3. Non-zero derivative of denominator: ${\displaystyle g'(x)\neq 0}$ for all ${\displaystyle x}$ in ${\displaystyle {\mathcal {I}}}$ with ${\displaystyle x\neq c}$ ;
4. Existence of limit of the quotient of the derivatives: ${\displaystyle \lim _{x\to c}{\frac {f'(x)}{g'(x)}}}$ exists.

Where one of the above conditions is not satisfied, the conclusion of L'Hôpital's rule will be false in certain cases.

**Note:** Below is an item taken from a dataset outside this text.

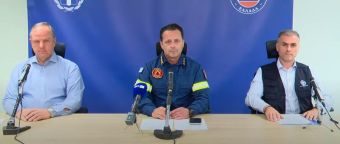 Σταμενίτης: 5.162 δηλώσεις ζημιών για το φυτικό και 1.597 δηλώσεις για το ζωικό κεφάλαιο στον ΕΛΓΑ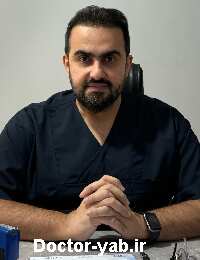 دکتر احمدرضا میربلوک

The necessity of the first condition can be seen by considering the counterexample where the functions are ${\displaystyle f(x)=x+1}$ and ${\displaystyle g(x)=2x+1}$ and the limit is ${\displaystyle x\to 1}$.

The first condition is not satisfied for this counterexample because ${\displaystyle \lim _{x\to 1}f(x)=\lim _{x\to 1}(x+1)=(1)+1=2\neq 0}$ and ${\displaystyle \lim _{x\to 1}g(x)=\lim _{x\to 1}(2x+1)=2(1)+1=3\neq 0}$. This means that the form is not indeterminate.

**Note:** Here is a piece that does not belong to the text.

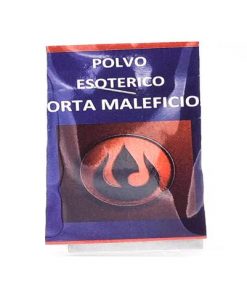 Polvos Esotéricos Corta Maleficios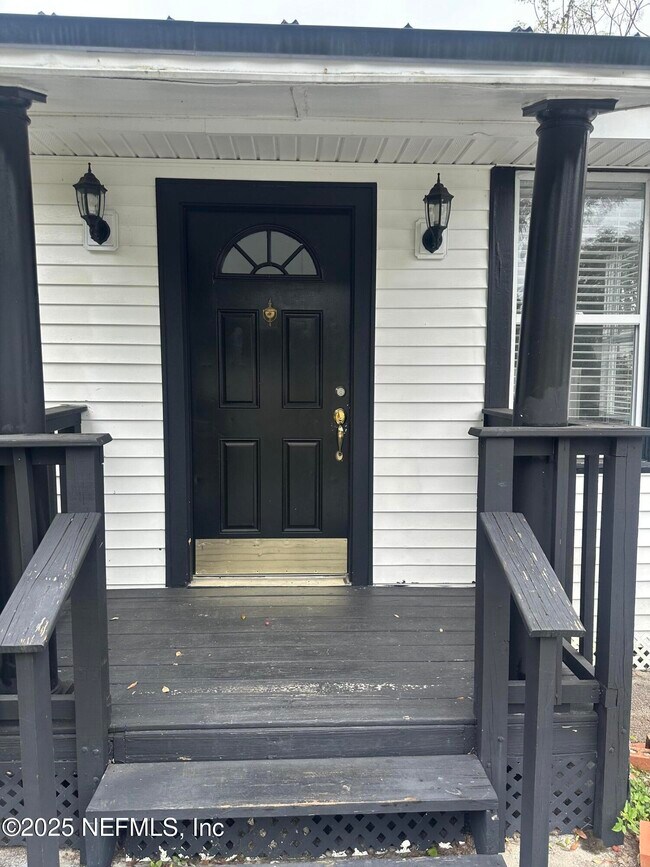 Photo - 8543 Fort Caroline Rd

The second and third conditions are satisfied by ${\displaystyle f(x)}$ and ${\displaystyle g(x)}$. The fourth condition is also satisfied with

$${\displaystyle \lim _{x\to 1}{\frac {f'(x)}{g'(x)}}=\lim _{x\to 1}{\frac {(x+1)'}{(2x+1)'}}=\lim _{x\to 1}{\frac {1}{2}}={\frac {1}{2}}.}$$

But the conclusion fails, since $${\displaystyle \lim _{x\to 1}{\frac {f(x)}{g(x)}}=\lim _{x\to 1}{\frac {x+1}{2x+1}}={\frac {\lim _{x\to 1}(x+1)}{\lim _{x\to 1}(2x+1)}}={\frac {2}{3}}\neq {\frac {1}{2}}.}$$

Differentiability of functions is a requirement because if a function is not differentiable, then the derivative of the functions is not guaranteed to exist at each point in ${\displaystyle {\mathcal {I}}}$. The fact that ${\displaystyle {\mathcal {I}}}$ is an open interval is grandfathered in from the hypothesis of the Cauchy's mean value theorem. The notable exception of the possibility of the functions being not differentiable at ${\displaystyle c}$ exists because L'Hôpital's rule only requires the derivative to exist as the function approaches ${\displaystyle c}$; the derivative does not need to be taken at ${\displaystyle c}$.

For example, let ${\displaystyle f(x)={\begin{cases}\sin x,&x\neq 0\\1,&x=0\end{cases}}}$ , ${\displaystyle g(x)=x}$, and ${\displaystyle c=0}$. In this case, ${\displaystyle f(x)}$ is not differentiable at ${\displaystyle c}$. However, since ${\displaystyle f(x)}$ is differentiable everywhere except ${\displaystyle c}$, then ${\displaystyle \lim _{x\to c}f'(x)}$ still exists. Thus, since

${\displaystyle \lim _{x\to c}{\frac {f(x)}{g(x)}}={\frac {0}{0}}}$ and ${\displaystyle \lim _{x\to c}{\frac {f'(x)}{g'(x)}}}$ exists, L'Hôpital's rule still holds.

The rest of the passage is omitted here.